# DIRECTIONS:
Write out again, exactly as they appear, the lines from the start of the data below through the line with "Basic Linux Commands"; no pictures.
——————————
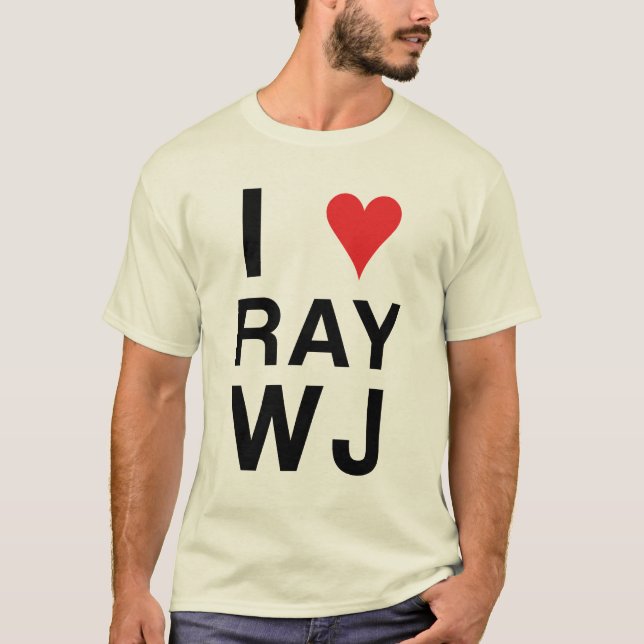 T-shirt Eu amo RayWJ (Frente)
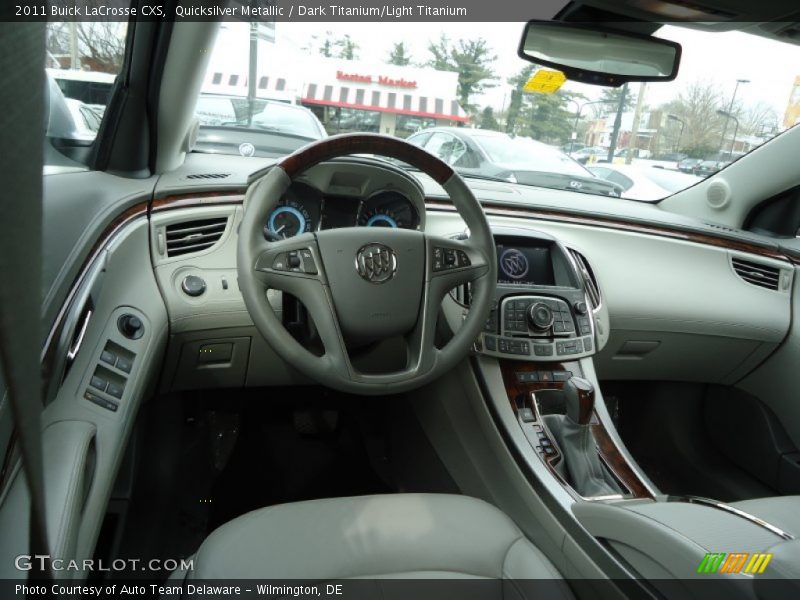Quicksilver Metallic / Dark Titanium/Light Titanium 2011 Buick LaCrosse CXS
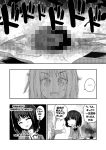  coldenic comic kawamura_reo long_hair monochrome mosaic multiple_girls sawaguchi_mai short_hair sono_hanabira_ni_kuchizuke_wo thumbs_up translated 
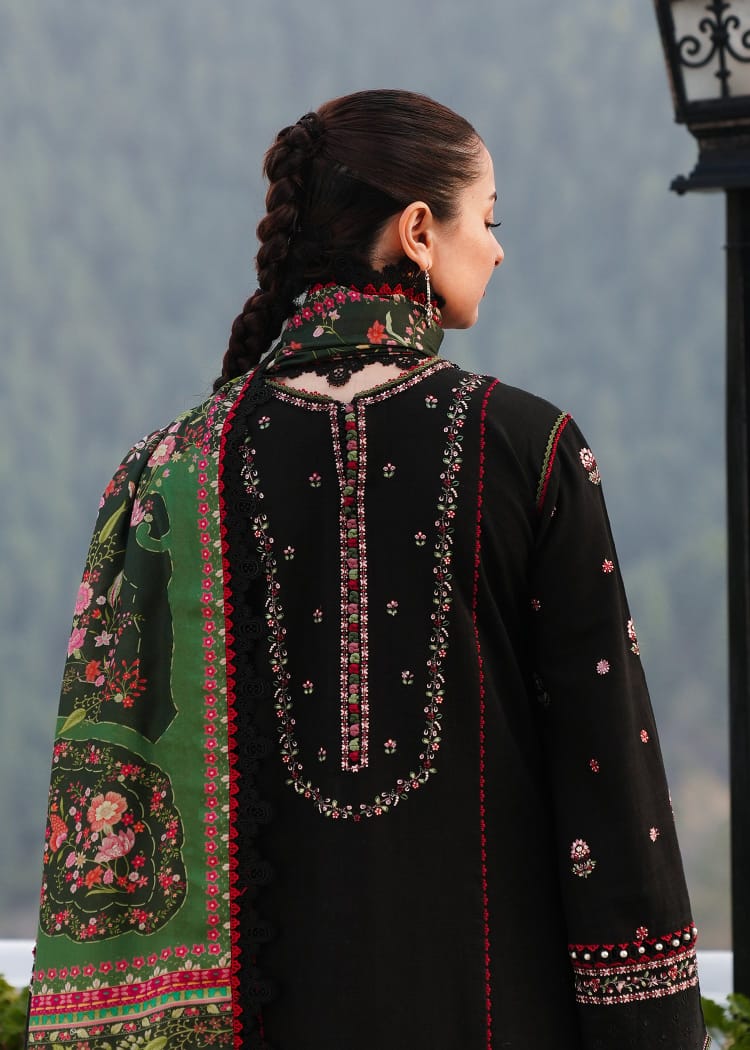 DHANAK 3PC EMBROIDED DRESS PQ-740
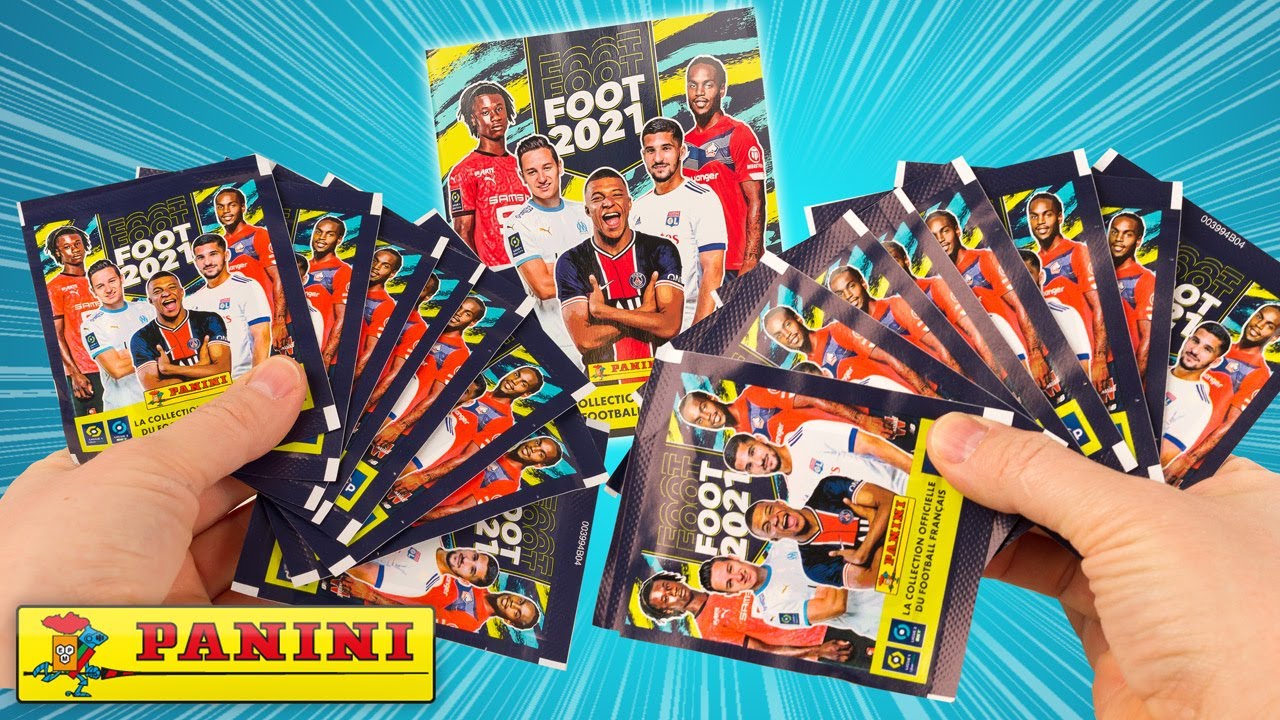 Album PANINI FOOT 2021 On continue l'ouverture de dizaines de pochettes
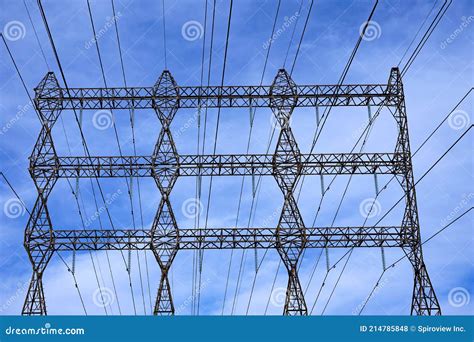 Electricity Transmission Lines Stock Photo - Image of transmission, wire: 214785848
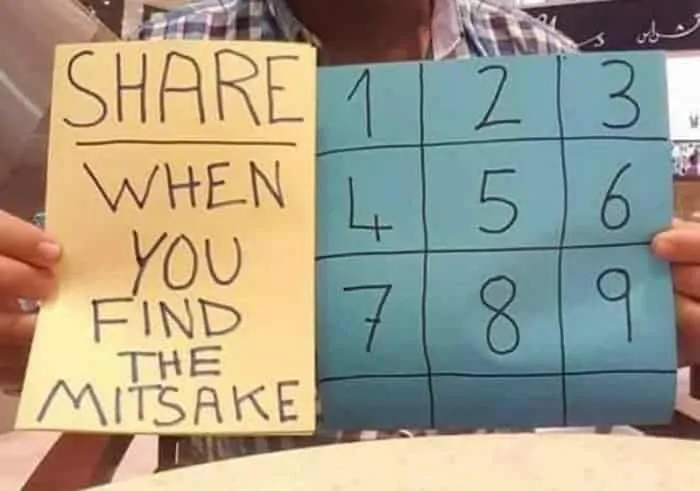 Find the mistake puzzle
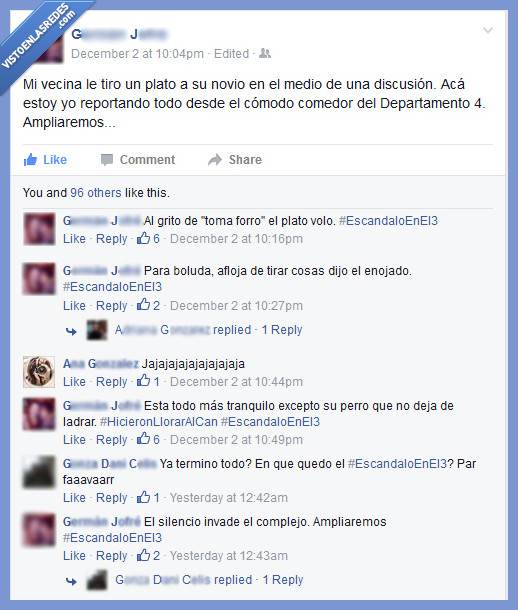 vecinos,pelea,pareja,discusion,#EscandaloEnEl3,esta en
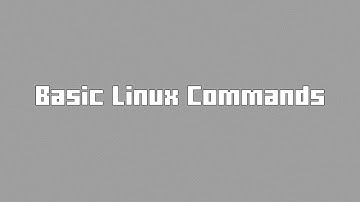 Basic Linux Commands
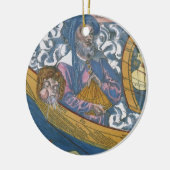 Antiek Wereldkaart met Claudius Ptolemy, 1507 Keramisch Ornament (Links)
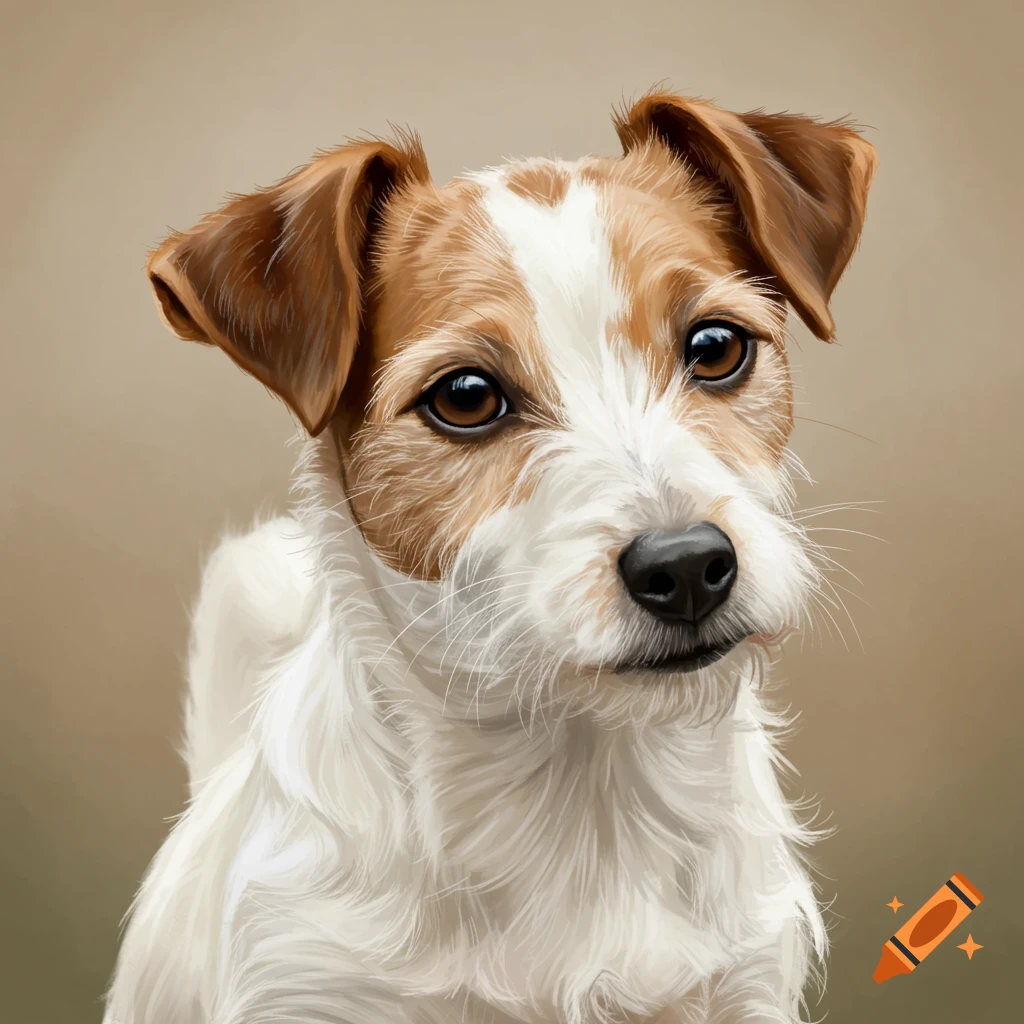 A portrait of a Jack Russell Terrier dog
——————————
# EXERCISE OUTPUT:
 T-shirt Eu amo RayWJ (Frente)
Quicksilver Metallic / Dark Titanium/Light Titanium 2011 Buick LaCrosse CXS
  coldenic comic kawamura_reo long_hair monochrome mosaic multiple_girls sawaguchi_mai short_hair sono_hanabira_ni_kuchizuke_wo thumbs_up translated 
 DHANAK 3PC EMBROIDED DRESS PQ-740
 Album PANINI FOOT 2021 On continue l'ouverture de dizaines de pochettes
 Electricity Transmission Lines Stock Photo - Image of transmission, wire: 214785848
 Find the mistake puzzle
 vecinos,pelea,pareja,discusion,#EscandaloEnEl3,esta en
 Basic Linux Commands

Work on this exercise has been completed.